» Exercise aim
The response should be an exact transcription of the data below, free of images.

» Source material
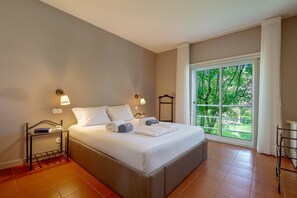 3 soverom, strykejern/-brett, internettilgang og sengetøy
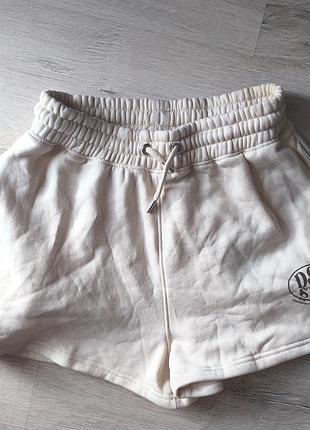 Шорти хс-с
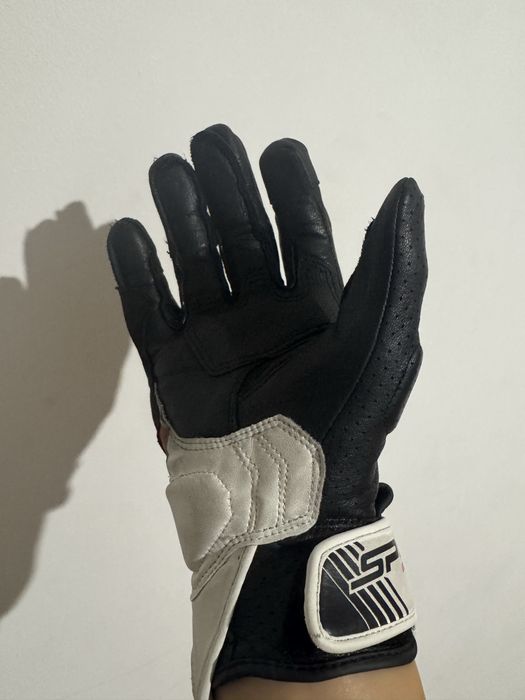 Ixon , alpinestars, hjc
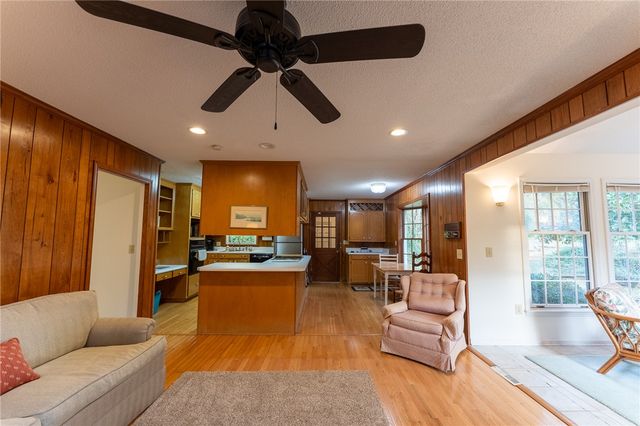 109 woodbine Terrace, Central, SC 29630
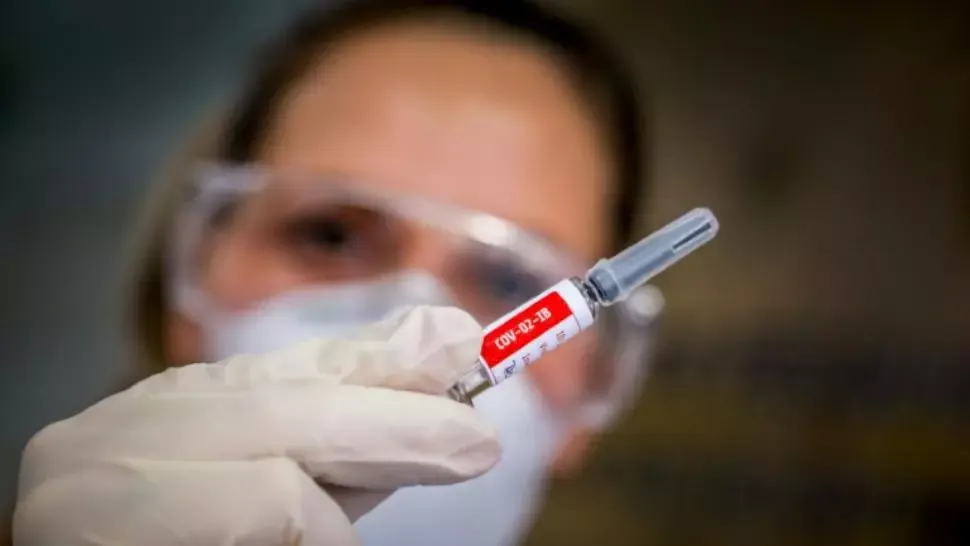 Au fost injectați simultan, din greșeală, cu cinci doze de vaccin anti-Covid-19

» Response to this task
 3 soverom, strykejern/-brett, internettilgang og sengetøy
 Шорти хс-с
 Ixon , alpinestars, hjc
 109 woodbine Terrace, Central, SC 29630
 Au fost injectați simultan, din greșeală, cu cinci doze de vaccin anti-Covid-19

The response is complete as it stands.